The US commission charged with solving the puzzle of Internet taxation ended its meeting last week searching for an answer to the question of whether all businesses on the Internet should collect sales taxes.
While the commission remains deeply divided on the issue, members could do little more than argue their cases with rhetorical flourish. Commission members acknowledged there is a lack of hard facts and numbers that can show what would happen to the economy if taxes were or were not collected.
"Why wouldn't it be smarter to give it a three-year or four-year break before we conclude for sure that it should never be taxed or that it should be taxed?" said commission member John Sidgmore, vice chairman of MCI WorldCom and chairman of UUnet Technologies.
Sidgmore said he believes freeing Internet merchants from tax-collection obligations will hurt Main Street companies. But he said definitive conclusions remain out of reach.
The Advisory Commission on Electronic Commerce could recommend to Congress that it extend the current three-year Internet tax moratorium, approved in 1998, that prohibits states from imposing new taxes.
In addition to the moratorium, current law prevents states from imposing tax-collection obligations on companies that have no substantial physical presence within their borders.
Ted Waitt, chairman and CEO of Gateway, attempted to provide some evidence of the impact of taxes on electronic commerce. He said his company recently stopped collecting sales taxes in some states where it determined it had no obligation to do so. He said both phone and Internet sales increased as a result.
But Waitt also said not collecting sales taxes could widen the digital divide, the gap between families that own computers and have Internet access and those who don't. Only those with computers would have access to all the tax-free purchases.
In November, Gateway refused credit to some 250,000 families seeking to purchase PCs. According to a survey the company did, many of the people wanted the computers for their children. "They don't have credit cards, so they're not going to be large e-commerce purchasers. And if we're giving the Internet an exemption in terms of sales taxes, we do run the risk of widening that gap," said Waitt.
The commission will hold its final meeting in March and deliver its report to Congress in April. It will likely agree on some issues. The final report may conclude that the sales tax system is far too complicated, burdens businesses and needs to be simplified. The commission is also expected to oppose taxes on Internet access.
But the big issue, collection of sales taxes by remote vendors, remains very contentious.

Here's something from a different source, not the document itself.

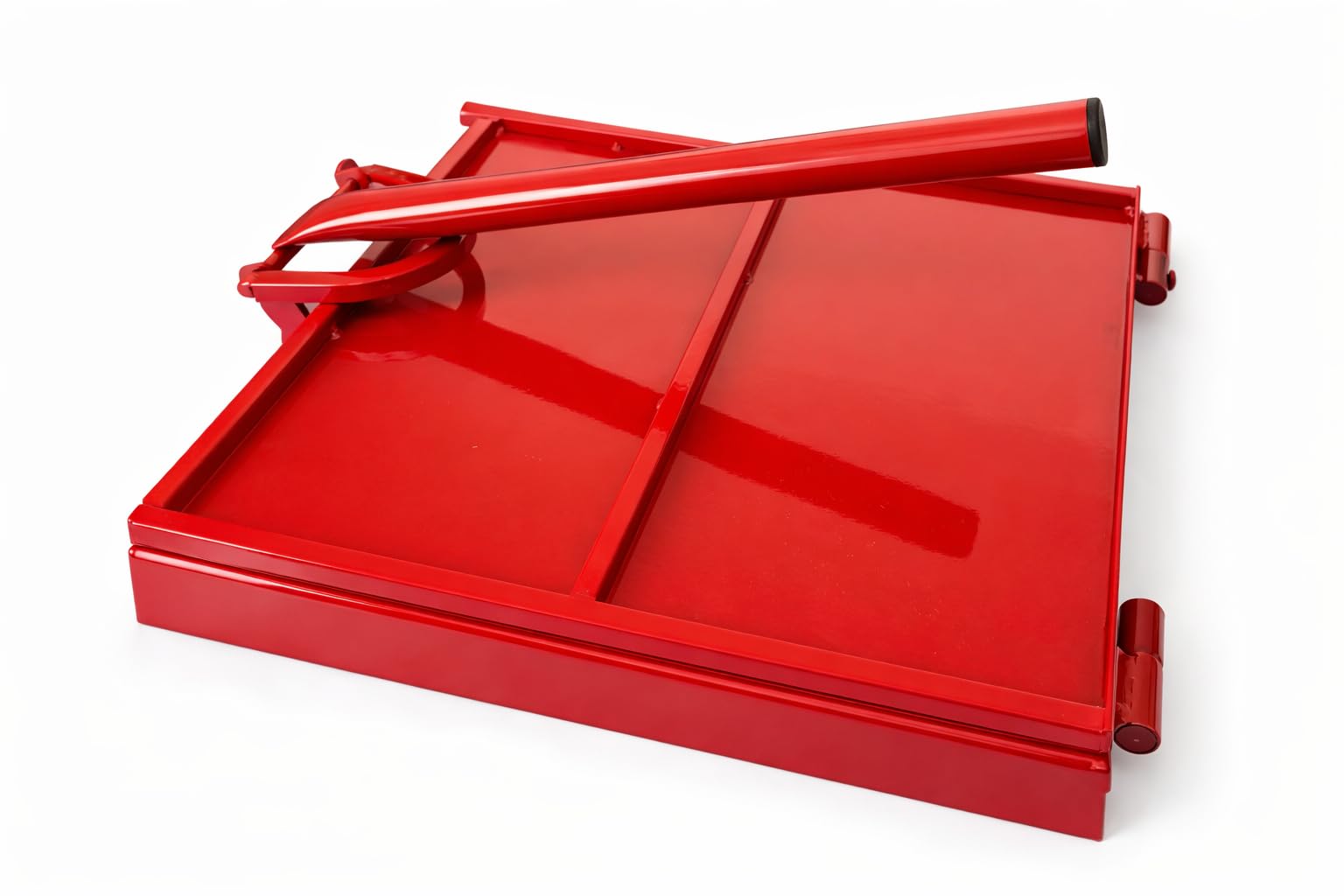 View 1 of 12" Commercial Steel Tortilla Press-Heavy Duty-Mexican Style Tortilla Maker, Flatbread-Red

"We must recognise that the first law of taxation is: If you want more of something, tax it less; if you want less of something, tax it more," said Craig Winn, chairman of Value America., a Web-based retailer, who testified before the commission.

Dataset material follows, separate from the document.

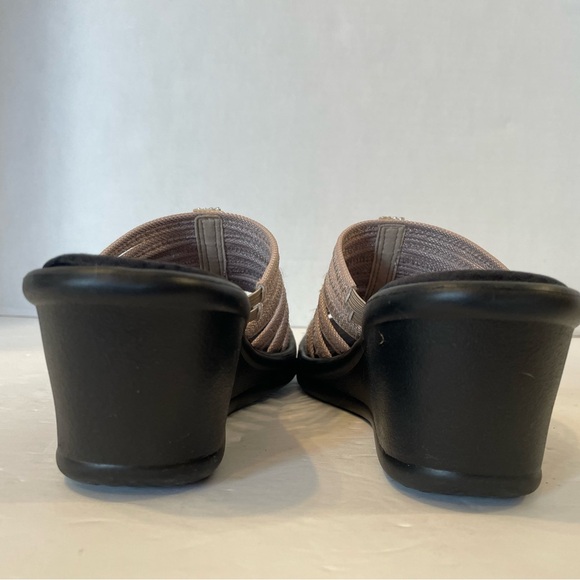 Skechers Memory Foam Open Toe Heel Sandals Shoes Size 9 - Picture 7 of 10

Winn said he believes a national sales tax -- something he said would be impossible to achieve -- is the only solution that would simplify tax collection for companies.
David Bullington, vice president of Wal-Mart Stores Inc., who also testified, argued that tax collections weren't as difficult as its opponents were making it out to be. But that was contested by commission member Dean Andal, chairman of the California Board of Equalization, the state's tax administering authority. He said Wal-Mart's lack of understanding of local rules resulted in a $3 million sales tax overcharge to customers at one California store.
"I think it's astonishing for a company like Wal-Mart...to make such a blanket statement that it is not difficult to comply with local tax rates," said Andal.
"If you were doing your job, why didn't you tell us about it?" shot back Bullington, who said he wasn't contending that tax collection was easy.
A plan backed by the National Governors Association and other governmental groups to have "trusted third parties" act as intermediaries to collect sales tax -- freeing retailers from tax-collection costs -- didn't win over major retailers, such as Federated Department Stores Inc., which owns Macy's, among other stores.
Frank Julian, a vice president at Federated, said errors made by those third parties could be blamed on the store, and that could cost customers. "Retailers will not participate in a system where there is a significant risk that they may lose customers if they do so," he said.
A proposal to end a 3% excise tax on telecommunications, first imposed to raise money for the Spanish-American War, drew opposition from Clinton administration representative Joseph Guttentag, a senior advisor at the U.S. Treasury Department. That tax raises $4 billion a year.
Commission Chairman Virginia Gov. James Gilmore, who is opposing remote tax collection obligations on companies, argued that the Internet should be treated differently.
"I just simply don't assume that because it's not being taxed, that would mean somehow it's privileged. I just don't start at the assumption that everything in America ought to be taxed," said Gilmore.
Gilmore said the Internet was giving small business unprecedented opportunity. "For the first time, small business, which is being squeezed out, has a chance to get out there and increase their market share," he said.
There were also practical reasons not to try to tax the Internet, including the "simple inability" of government to tax digitally delivered goods and services, said Gilmore.
Toward the end of the meeting, David Pottruck, president and co-CEO of Charles Schwab , expressed some frustration with the commission's effort. "I think the problem is clearly more complicated then I ever imagined it would be," he said.